> [Description of the task]: Return all of the data exactly as written, without the pictures.

> [Data segment]:
<<<<

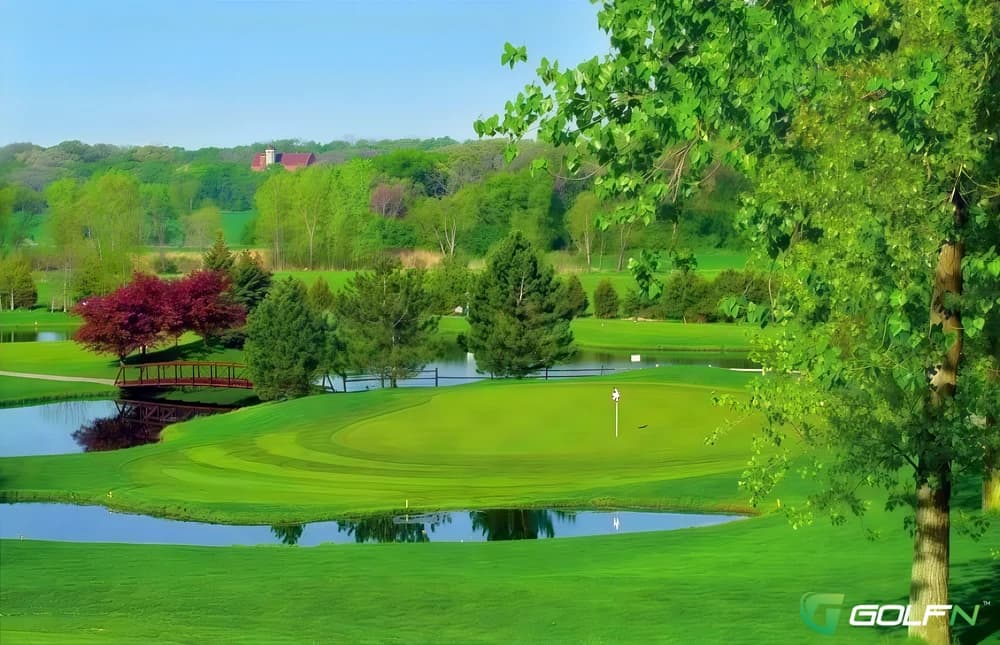 Prairie Isle Golf Club in Prairie Grove, Illinois — public, 18-hole golf course, designed by Gordon Cunningham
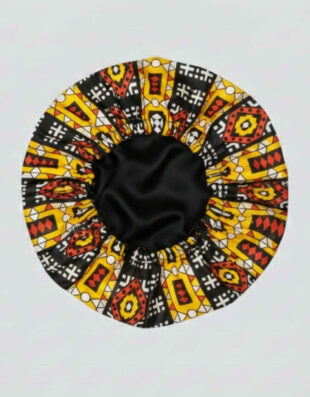 Bonnet en satin bogolan jaune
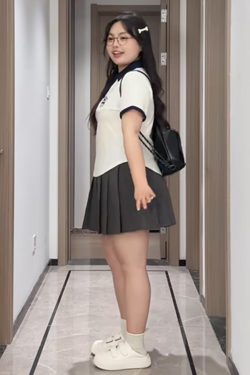 Plus-Size Irregular Short-Sleeve Polo Shirt with Collar for Summer – Flattering College Style T-Shirt for Curvy Women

>>>>

> [Exercise result]:
 Prairie Isle Golf Club in Prairie Grove, Illinois — public, 18-hole golf course, designed by Gordon Cunningham
 Bonnet en satin bogolan jaune
 Plus-Size Irregular Short-Sleeve Polo Shirt with Collar for Summer – Flattering College Style T-Shirt for Curvy Women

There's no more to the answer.